La anécdota me la narraron a mediados de la década de los 90. El que me la contó era un burgués catalán, un compañero de trabajo que con los años se situaría al otro lado del comité de empresa que yo representé y junto a aquel gerente que tenía el retrato de Margaret Thatcher bien visible en el despacho y en su cerebro, desde el que realizó una drástica limpieza del personal docente de aquella academia en la trabajábamos ambos.

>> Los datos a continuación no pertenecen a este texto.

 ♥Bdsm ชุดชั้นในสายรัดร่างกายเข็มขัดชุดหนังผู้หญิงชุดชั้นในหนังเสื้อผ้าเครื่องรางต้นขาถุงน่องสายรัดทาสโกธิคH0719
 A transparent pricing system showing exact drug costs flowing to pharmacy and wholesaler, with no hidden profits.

Agustí, así se llamaba mi compañero. Corbata siempre que era posible. Por supuesto, americana y, si podía, aparecía hasta con traje a las reuniones, siempre con ese aire apolillado que le endosaba como mínimo un lustro más de vida a los años que tenía. Además de unos pésimos chistes, se jactaba de su buena forma física pese a que la barriga hacía tiempo que no le dejaba verse los testículos en la ducha. Desde tiempo atrás jugaba en la Meiland, la liga privada más prestigiosa de Barcelona: hierba artificial, vestuarios amplios, bar siempre abierto, amplio parking para los usuarios, horarios flexibles. Fútbol sala de salón para bolsillos acomodados—aunque, en realidad, se juega fútbol 7—, una liga para hombres trajeados como Agustí. Allí, en la Meiland, situaba mi interlocutor la anécdota, que empezó a narrar a la salida de una soporífera reunión de los docentes de matemáticas en la que, una vez más, sus malas bromas habían sido más protagonistas de lo necesario.

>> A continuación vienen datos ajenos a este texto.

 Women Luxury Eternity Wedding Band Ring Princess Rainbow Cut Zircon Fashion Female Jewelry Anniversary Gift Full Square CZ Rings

—Coincidí con ellos en un partido —dijo. —Estaba todo el clan —dijo. —Eran unos guarros. Daban patadas antes de que se hubiera iniciado el partido —dijo. —No paraban de hacer triquiñuelas y trucos para confundir al árbitro.

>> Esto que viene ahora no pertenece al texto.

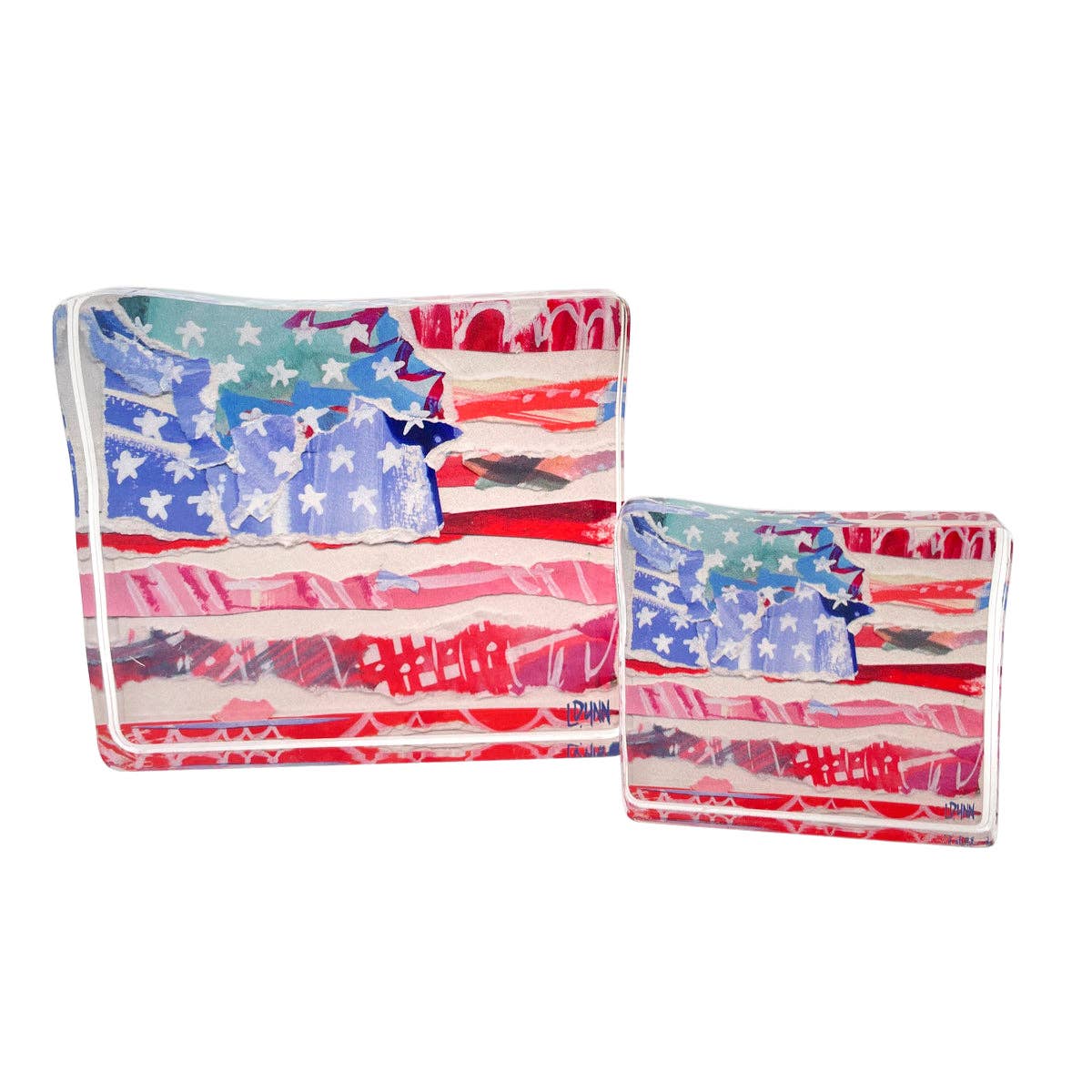 Red Flag, Stars And Stripes Acrylic Block LARGE: Large Acrylic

Y dejaba entrever su falta de clase, los tentempiés que comían en la banda de cualquier manera —probables restos de algún asado familiar—, y hasta el mal vestir que les caracterizaba, aunque fueran de corto. Hablaba de los Maradona. Era una escena más de su paso por la Ciudad Condal. Pero no el del astro que se vistió con la camiseta azulgrana, sino del de su familia, que compartía con él una lujosa torre en la zona exclusiva de la ciudad, para desesperación de las sagas patricias de la burguesía catalana, guardianes del buen gusto que Agustí no tenía pero parecía defender.
El día en que Agustí contó aquella escena, Maradona ya había abandonado el Nápoles y hasta Europa, en el deambular de sus últimos años por la primera división argentina. El Barça había encontrado un estilo cruyfista de fútbol que enorgullecía a sus seguidores, ajeno a los vaivenes que caracterizaron la década de 1980 y que se había convertido en su identidad. Aquella separación mutua ocultaba lo que verdaderamente no supo ver una parte de la sociedad de Barcelona que se movía en torno al club de fútbol: que Maradona era en realidad un corsario, un gladiador, un capitán de un grupo de desarrapados que, con él al frente, habían sido capaces de mirar a la cara a sus rivales, habían suplido sus carencias con el orgullo colectivo y hasta habían sido capaces de ganar. Así ocurrió en el estadio azteca en 1986, así ocurriría en el Nápoles después, así había intentado Maradona que ocurriera en aquella aciaga final que jugó contra el Bilbao, que terminó en batalla campal y en la última imagen de su paso por el Barça. Así ocurría con su familia, porque Agustí había guardado la información más importante para el final: lo que más le fastidiaba del clan Maradona era que al final les habían ganado.